Karnan opens with a scene of a girl who is not more than 10, suffering a fatal seizure in the middle of a road. Nobody comes to her rescue and she stops moving after a while. As she lies there quietly, you can see an oncoming bus, whose driver seems to be unaware of the girl lying on the road, or so you think. And you know in a bit she will directly come under the wheels of the bus. You watch the scene with horror as it finally happens. The bus runs over her, and then another. It happens over and over again as no one stops to help the little girl. The girl on the main road is a metaphor. Like a street dog, she is left alone on the road as if her young life has no value. The heavy emotions that the opening scene evokes in you will only grow stronger as you come to see how a community of people are dehumanised.

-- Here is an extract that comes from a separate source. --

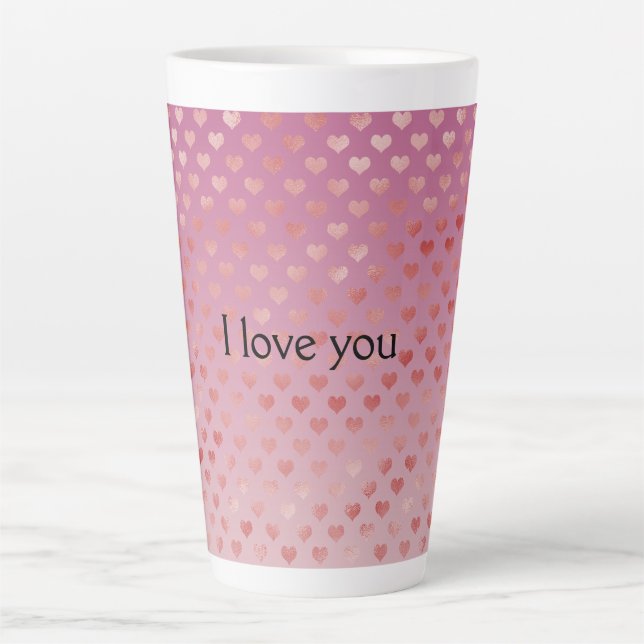 Tasse Latte Coeurs rouges roses Ombre (Devant)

It is pointless to discuss the plot of Karnan. It is unfair to measure this film in terms of story and whether you agree with the logic of the narration. This film needs to be experienced emotionally and visually. It is an approximation of generations of sufferings of people, who have been subjected to unspeakable atrocities owing to where they belong in the caste hierarchy. For example, standing up for one’s self-respect is suicidal. Demanding basic human rights is akin to asking for death for an entire village.

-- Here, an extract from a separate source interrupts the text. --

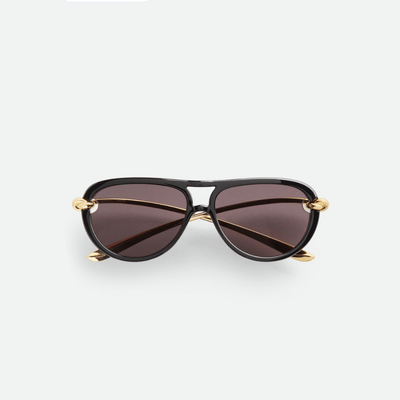 Bottega Veneta Classic Aviator Sunglasses With Gold Ribbon Detail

A high-level cop bays for the blood simply because his pride was hurt when the village head refuses to remove the towel around his head. He also did not like the fact that the men in the village did not bow in front of him and looked him in the eye. He is not worried about vandalism committed by the villagers. He would have let it slide, only if the villagers prostrated themselves before him. We read and watch news about caste-based violence and move on with our comfortable lives. But, Karnan will not allow you to do that. This film will pull you in and make you experience what a heavily persecuted community goes through. It is even hard to imagine that people in real life endured and still endure such tragedies not very far from us.

Director Mari Selvaraj’s Karnan is a revolutionary, unlike Pariyerum Perumal, he doesn’t take insults lying down. Karnan is fearless and he hits back when needed much to our satisfaction. We see Dhanush’s Karnan bursting in a fit of rage and attacking public property. But, you don’t feel anger at him for destroying properties funded by taxpayers. Instead, you understand his rage and see the meaninglessness of the existence of such properties, which actually doesn’t help the needy. What they do is they add more pomp to an already inflated pride of people in power, giving them a superiority complex to mistreat the less privileged.

Karnan is also cinematically wonderful. Theni Eswar’s cinematography mythologizes the struggles of villagers and their saviour Karnan. The film has many wonderful images that will have a profound impact on you. And Santhosh Narayanan’s score, especially the picturization of Kandaa Vara Sollunga, is a beauty to behold.